In the west, we refer to the Oriental Orthodox Churches as Monophysite, meaning that they believe that Christ had one single nature, whereas western teaching is that Christ has two natures, being, as the Divine Praises say, "True God and True Man", being wholly divine and wholly human.  The Oriental Orthodox reject the label of Monophysite, preferring Miaphysite, meaning that their definition of one nature really means a union in one form of two different natures.  These differences, which in this short summary and even in their underlying origins, turn on very subtle interpretations and in some cases on differences in translations, have kept the Oriental Orthodox and the Western Churches apart for over 1500 years, and it is only in the most recent times that small steps towards greater understanding have been made. 

A high point in the move towards greater understanding and reconciliation was the visit of Coptic Patriarch Pope Shenouda III to the Vatican in 1973, where Pope Paul VI presented him with a relic of St Athanasius (of whom a little more below), which relic is now housed in the Coptic Cathedral of St Mark in Cairo.  We must hope and pray that our Holy Father, Pope Benedict XVI, the "Pope of Christian Unity" as he is being called, continues the good work that has been started.

St Frumentius, having found himself shipwrecked in Ethiopia, was eventually sent to Alexandria, where in 328AD he was ordained Bishop by St Athanasius, who for so long was credited as the author of the Quicumque Vult, a text that is not as well known any more as it should be ("Whosoever will be saved, before all things it is necessary that he hold the Catholic Faith....").  From Alexandria, Frumentius returned south as Abune ("father") of Ethiopia, thereby starting a tradition that endured until 1959 of the Coptic Pope naming an Egyptian Copt as Archbishop of Ethiopia.  Like St Gregory the Illuminator, he baptised the King, and converted the country.

No post on the Ethiopian Orthodox Church can be complete with something on Lalibela, the series of churches carved out of the rock, each being quite literally monolithic, ie one single stone.  Here is an extract from a documentary about these astonishing buildings.



For me, gaining more and more understanding about the ancient churches of the first millenium, and seeing that, even if very very slowly, efforts are being made to explore ways to bridge our gaps, is ever so slightly bittersweet.  It is of course wonderful that these things are being done, these are clear examples of work and prayer being put in with a view to finding ways to come closer to unity of Christians.  Who does not rejoice at seeing this photo of the Holy Father with Bartholomew the Ecumenical Patriarch, symbolising in one image small steps that, while still fraught with difficulty, were thought impossible within living memory?

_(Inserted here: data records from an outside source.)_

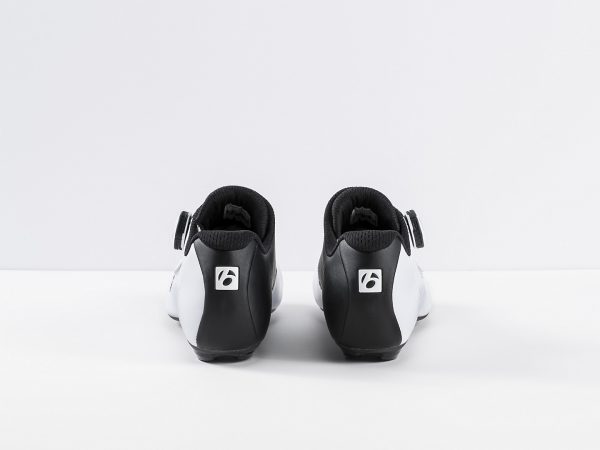 Scarpa strada Bontrager Velocis da donna - immagine 6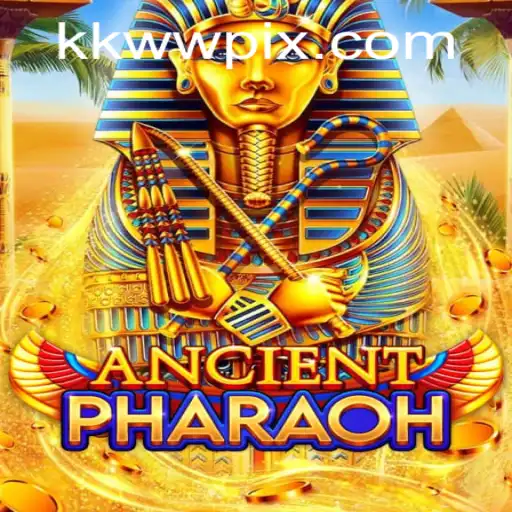 Discover the Mysteries of AncientPharaoh: An Epic Journey Back in Time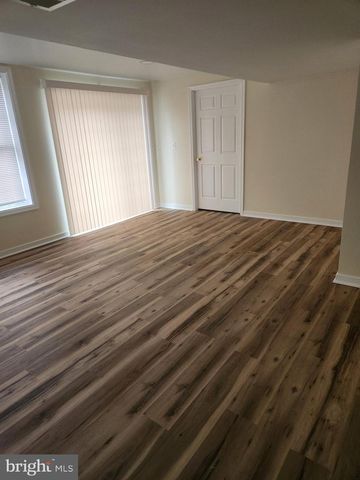 5404 LAKEVALE TER, Bowie, MD 20720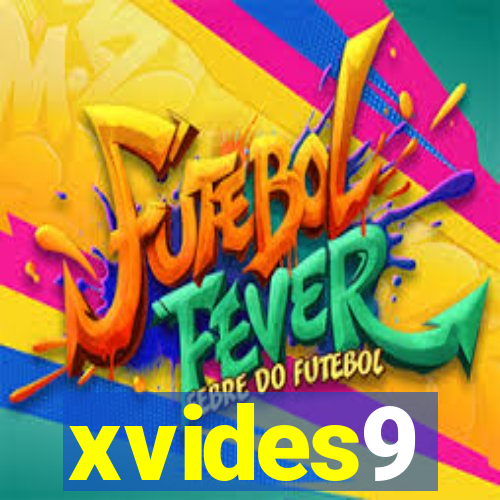 xvides9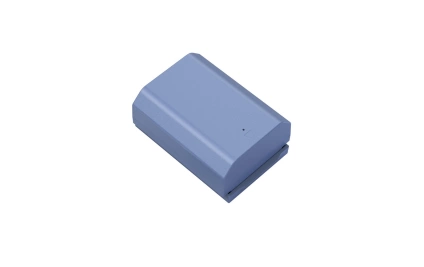 Smallrig Batteria per fotocamera digitale Smallrig NP FZ100 USB C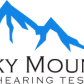 Rocky Mountain Mobile Hearing Testing  logo image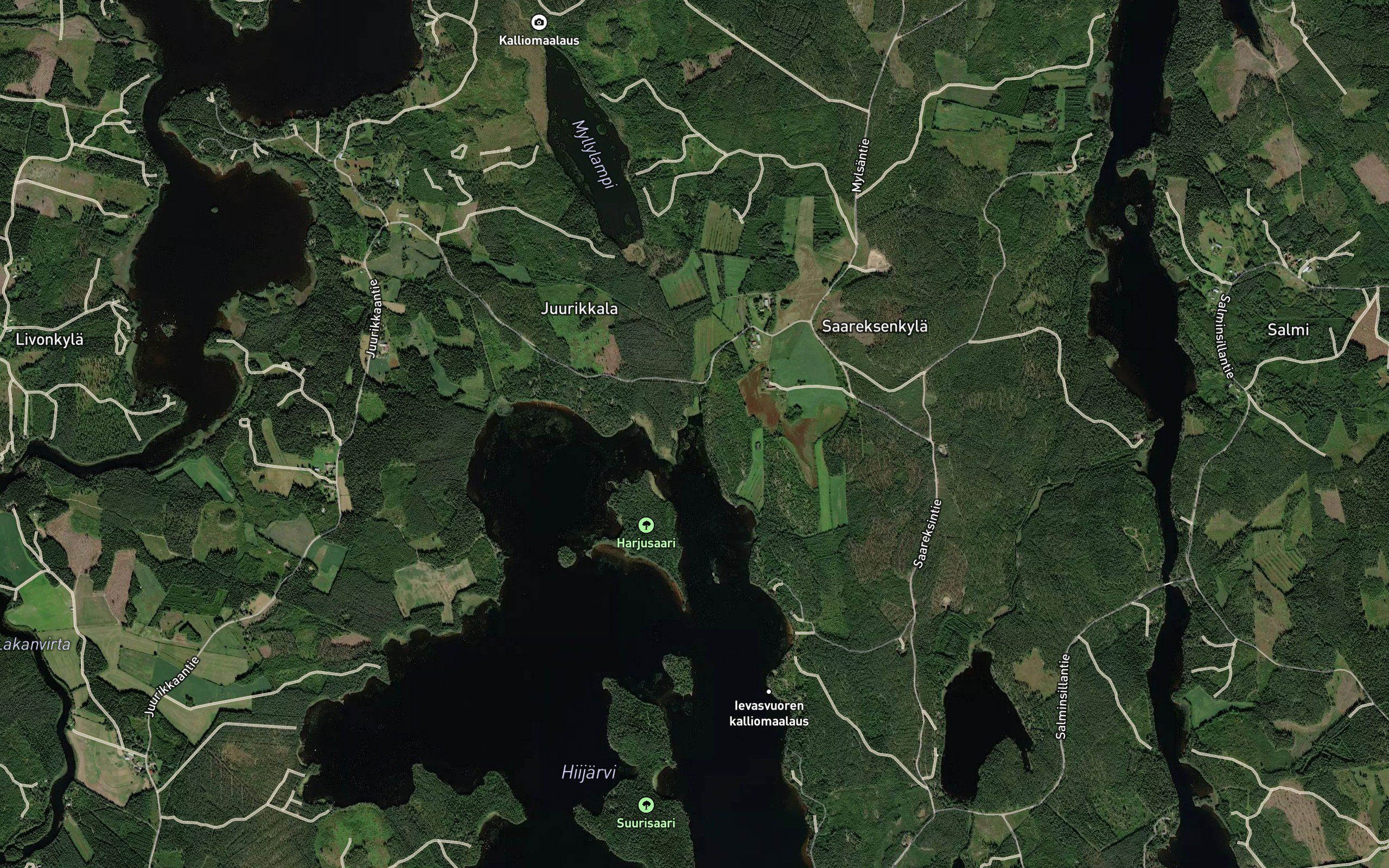 Jokilahti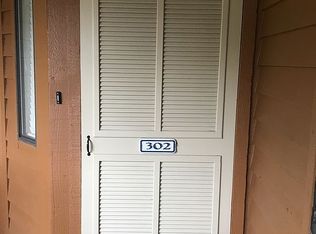 180 Rothbury Cir APT 302, Myrtle Beach, SC 29572
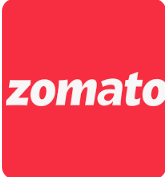 Zomato 140 off on 199 !( restaurant and user specific)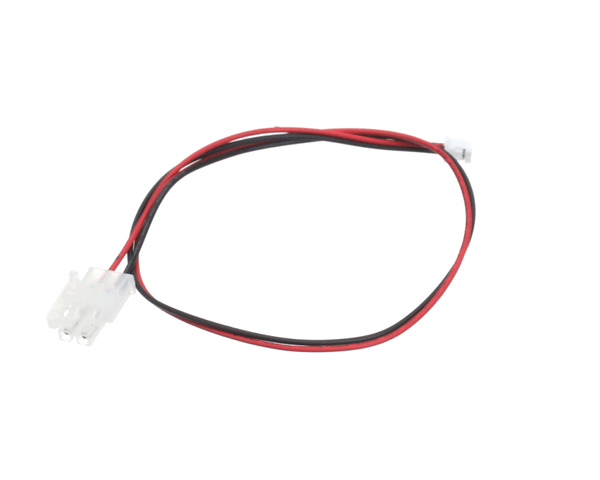 TurboChef Con-7174 Wire, Speaker, Spada (TBCCON-7174) Each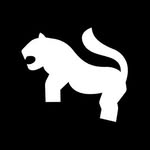 Leartes Studios logo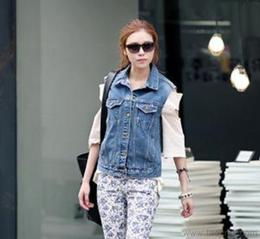 成年服飾批發指南 一站式掌握女裝馬甲批發供應、價格與渠道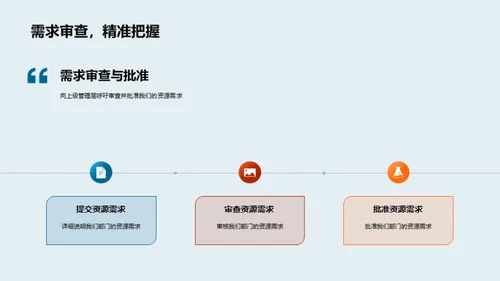 引领生物医疗新风向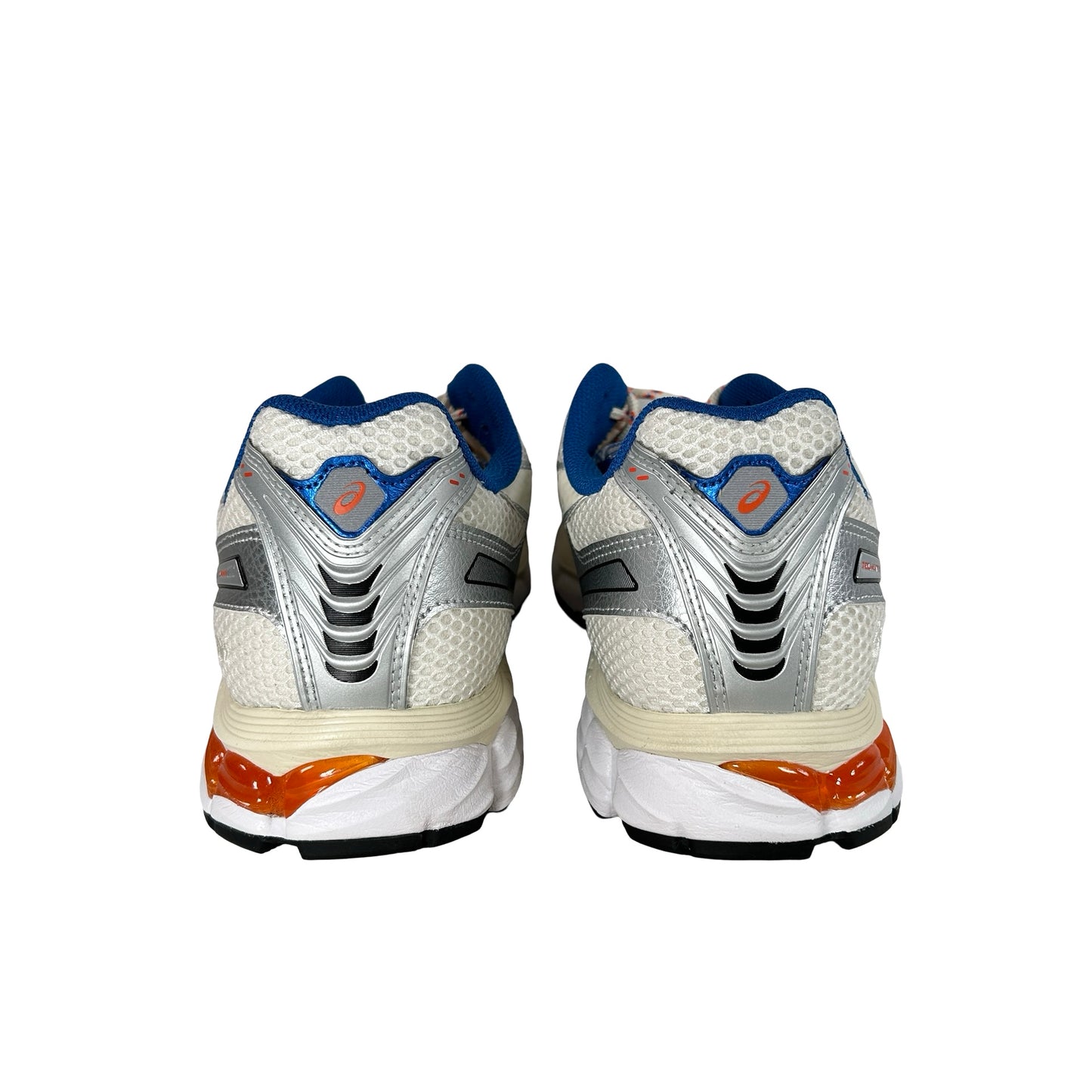 1203A555 101 ASICS Gel-Kayano 12.1 Ronnie Fieg Knicks - 11 M (Used)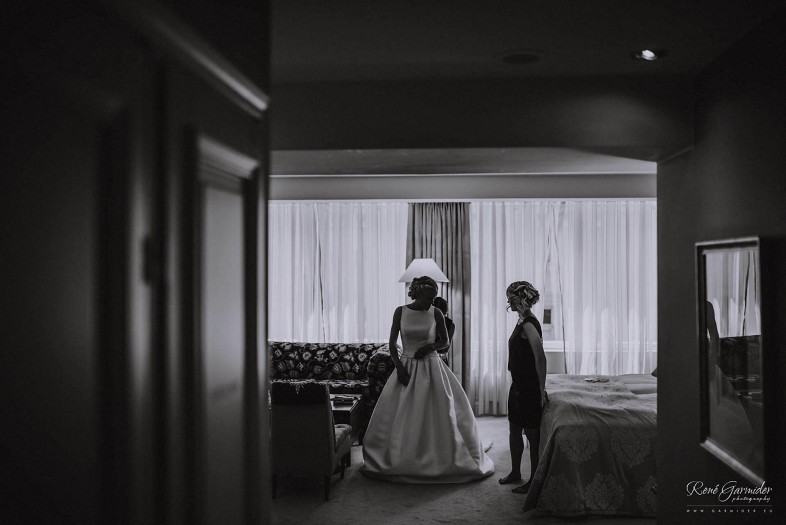 haakuvaaja-helsinki-wedding-photographer-finland-valokuvaaja-97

Yet the label of bittersweet still applies, because it reminds us that our former home, the Church of England, is not moving in the same direction, but in the opposite, towards some sort of increasingly formal affiliation with the national protestant churches of Scandinavia, rejecting more and more the idea of unity with the ancient Church of East and West : some kinds of Anglicans, in saying something anti-Papal, forget that the Orthodox Churches view developments in their church no more positively than does the Catholic Church.

We must pray with Pope Benedict XVI, the Pope of Christian Unity, with St Gregory the Illuminator and St Frumentius for the unity of all Christians.  On a day when the Holy Father is gathering around him not only the leaders of other religions, but also the leaders of Orthodox and Protestant Christianity, this seems doubly appropriate.

Let us also offer a prayer for those in the Ethiopian Catholic Metropolitan Church, who are in communion with the Holy Father, and who follow an Ethiopic Rite, especially those in Eritrea, whose ecclesial structure became an Ordinariate in 1930, later being raised to an Exarchate and thence to an Eparchate under the Metropolitan See of Addis Ababa.